Never leave home without it. That’s my (borrowed) statement and I’m sticking to it. After my nightmare driving experience a couple of days ago, I knew it was time to bring out the Garmin GPS and put it on the dashboard of my KIA. First, I wanted to update the maps because “that old thing” wouldn’t have details about the horrible Interstate construction. Frankly, I cannot accurately describe the horrible traffic problems due to construction on I-35 in Waco, Texas. On the road to the update, I had a unique experience I suspect was a scam.

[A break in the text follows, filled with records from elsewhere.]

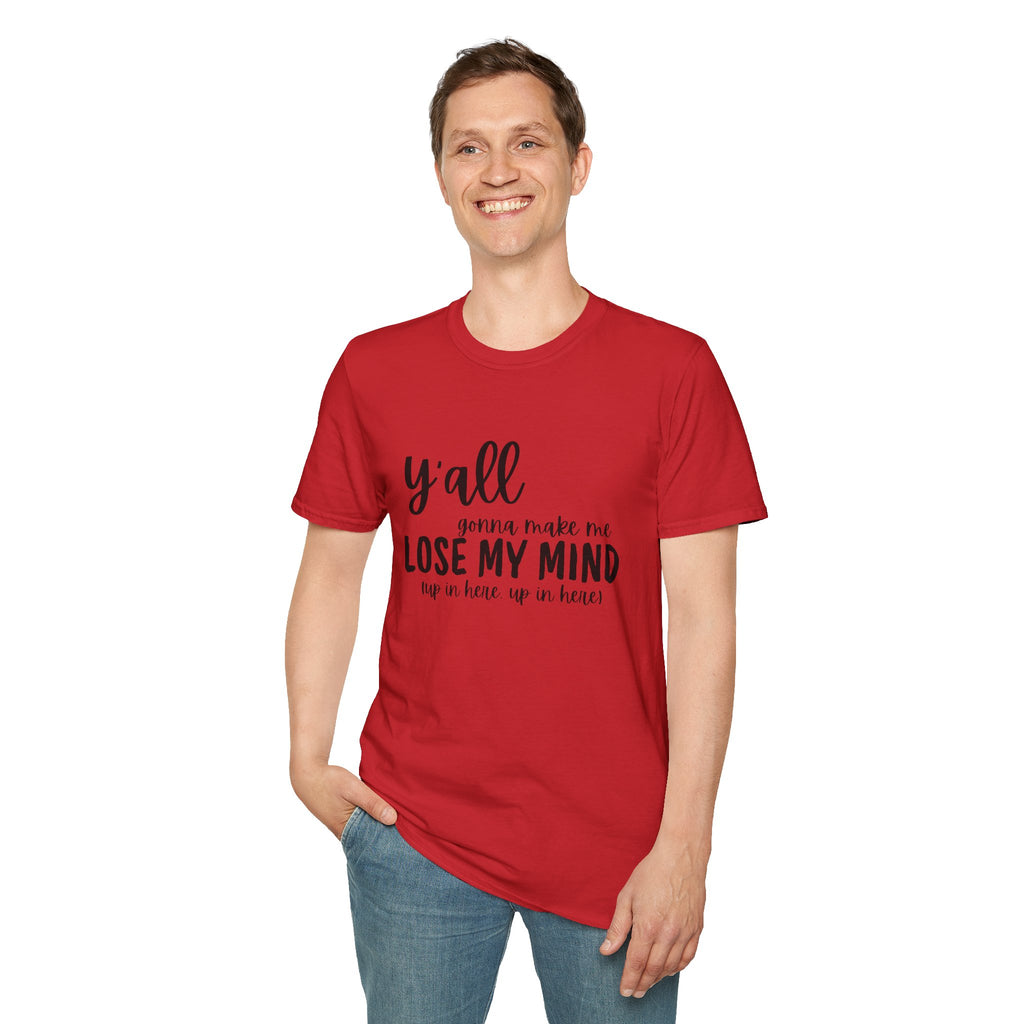 Y'All Gonna Make Me Lose My Mind Unisex Softstyle T-Shirt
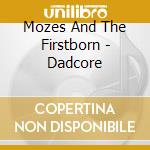 Mozes And The Firstborn - Dadcore cd musicale di Mozes And The Firstborn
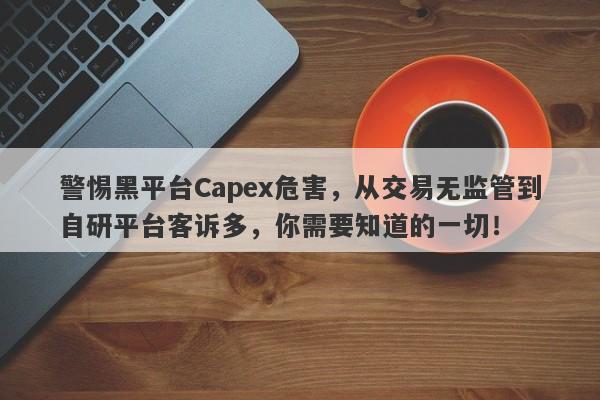 警惕黑平台Capex危害，从交易无监管到自研平台客诉多，你需要知道的一切！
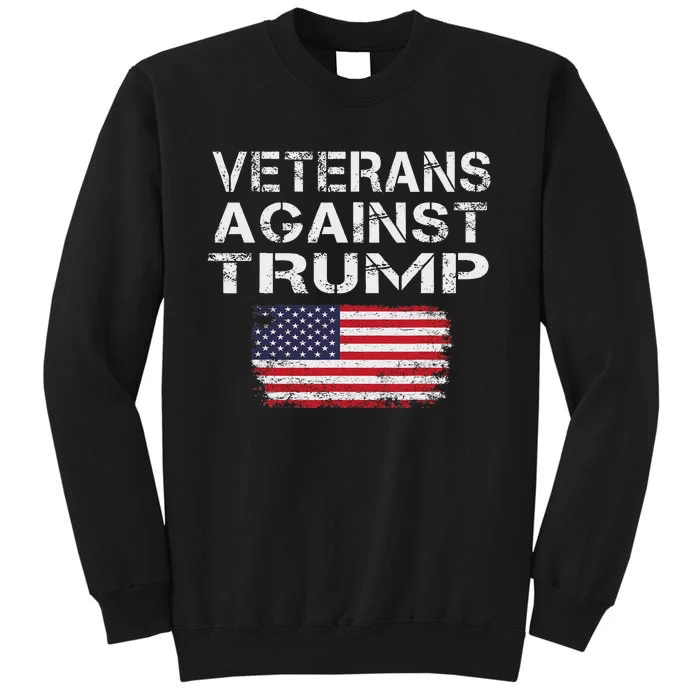 Veterans Against Trump Military Vets Oppose Trump Tall Sweatshirt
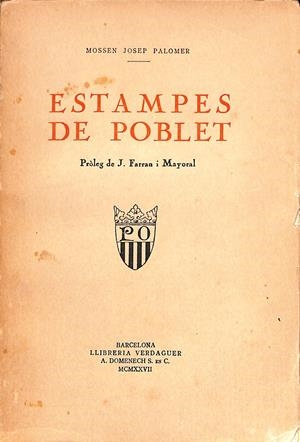 ESTAMPES DE POBLET | 9999900079920 | Palomer, Josep | Libros antiguos y de segunda mano con historia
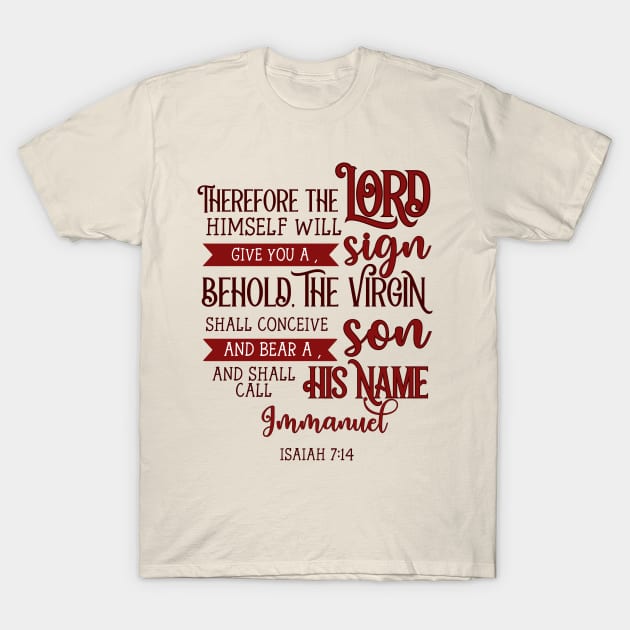 They Shall Call His Name Immanuel - Isaiah 7:14 - Bible Verse - Christian Christmas T-Shirt by Stylish Dzign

I did a Google search for “Garmin GPS updates” and clicked on the one at the top of the list. I immediately had an individual ready to “chat.” Next, the request for my phone number so we could “talk.” On my Smartphone, with the speaker on, a young man worked diligently in an effort to assist me. My desktop computer seemed to have “a mind of its own” and I could never get to a place where the young man had access to my computer. How do I know he was “a young man”? In conversation, I told him I am eighty-six and he said I’m older than his grandparents “back in India.” The problems I encountered: (1) My internet WiFi stopped working, (2) the computer wouldn’t recognize the Garmin. I tried changing USB ports; I tried everything imaginable and I couldn’t get to the place where the young man could access my computer. Finally, we established an appointment for Monday at noon.

I repeatedly told the young man I’m so embarrassed because I’m usually skilled at navigating a computer. I apologized because “I hate to be a bother.”  He said it was not a bother and he was glad to help. After we hung up, I started thinking: “Why did he need access to my computer? The previous time I updated… it was an automatic thing.”  On another Google search, I chose a website identified as a Garmin website. It wasn’t miraculously simple but after a few attempts, I was able to update my GPSwithout human assistance.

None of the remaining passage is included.